# Old sleds



## junkman (Jan 14, 2010)

Anybody else into the classics?


----------



## icefalcon (Jan 30, 2009)

Lots of antique sled shows coming up. 
Novi has some on Nov.
Ogemaw Hills snowmobile club has big show feb 26. North of west branch 

Sent from my moto z3 using Michigan Sportsman mobile app


----------



## junkman (Jan 14, 2010)

Thinking about firing up my old 70 Olympic. Right now it has no spark.I hope the points are just dirty and need cleaning up.


----------



## Ralph Smith (Apr 1, 2003)

icefalcon said:


> Lots of antique sled shows coming up.
> Novi has some on Nov.
> Ogemaw Hills snowmobile club has big show feb 26. North of west branch
> 
> Sent from my moto z3 using Michigan Sportsman mobile app


Do they still do one at perchville festival in Tawas? I used to have so many old ones my ex told me we had a snowmobile junkyard! 😆 My favorite was my old 1970 mercury with the twin headlights. That thing was a tank but always started first pull.. hahaha


----------



## junkman (Jan 14, 2010)

Come to find out what I thought was a 70 is actually a 67 or 68.


----------



## junkman (Jan 14, 2010)

Ralph Smith said:


> Do they still do one at perchville festival in Tawas? I used to have so many old ones my ex told me we had a snowmobile junkyard! 😆 My favorite was my old 1970 mercury with the twin headlights. That thing was a tank but always started first pull.. hahaha


I had a 644 Mercury Hurricane.That sucker was a tank.


----------



## Ralph Smith (Apr 1, 2003)

junkman said:


> I had a 644 Mercury Hurricane.That sucker was a tank.

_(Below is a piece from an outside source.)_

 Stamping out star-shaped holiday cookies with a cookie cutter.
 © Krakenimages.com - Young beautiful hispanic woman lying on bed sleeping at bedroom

Always wanted one of those! My merc was a 440 but would pull like a mule. Had 10 kids behind on toboggan abd sleds.. 😆


----------



## stickman1978 (Sep 15, 2011)

Ralph Smith said:


> Do they still do one at perchville festival in Tawas? I used to have so many old ones my ex told me we had a snowmobile junkyard! 😆 My favorite was my old 1970 mercury with the twin headlights. That thing was a tank but always started first pull.. hahaha


Last.time I went to Perchville I dont think I remember even seeing a snowmobile. Beer tent, Polar bear swim and a fishing contest.


----------



## junkman (Jan 14, 2010)

Ralph Smith said:


> Always wanted one of those! My merc was a 440 but would pull like a mule. Had 10 kids behind on toboggan abd sleds.. 😆


Also had a 440.But the engine was retrofitted from a Rupp.😂


----------



## junkman (Jan 14, 2010)

It's got spark now.


----------



## junkman (Jan 14, 2010)

Now to put everything back together and make some fire.😁


----------



## HuntinMichigan (Mar 14, 2021)

Flint has a show coming up next Saturday


----------



## HuntinMichigan (Mar 14, 2021)

Had my 71' bolens sprint 340 out this morning 😎


----------



## junkman (Jan 14, 2010)

Making Fire!!!!Needs a new belt and to be greased and should be ready to go.Going to try and do a 100 mile round trip on it this year.


----------



## junkman (Jan 14, 2010)

HuntinMichigan said:


> Flint has a show coming up next Saturday
> View attachment 801305


Really wish I could go.But I'm on call this week and can't really leave town.☹


----------



## junkman (Jan 14, 2010)




----------



## Martin Looker (Jul 16, 2015)

I like the old ones much better than the new ones but we don't get enough snow to bother with one anymore unless you fish the bay.


----------



## pgpn123 (May 9, 2016)

My son is in a group with about 25 guys that have to have an old sled. They go up north every year for 4 days. They like to tinker.


----------



## HuntinMichigan (Mar 14, 2021)

Martin Looker said:


> I like the old ones much better than the new ones but we don't get enough snow to bother with one anymore unless you fish the bay.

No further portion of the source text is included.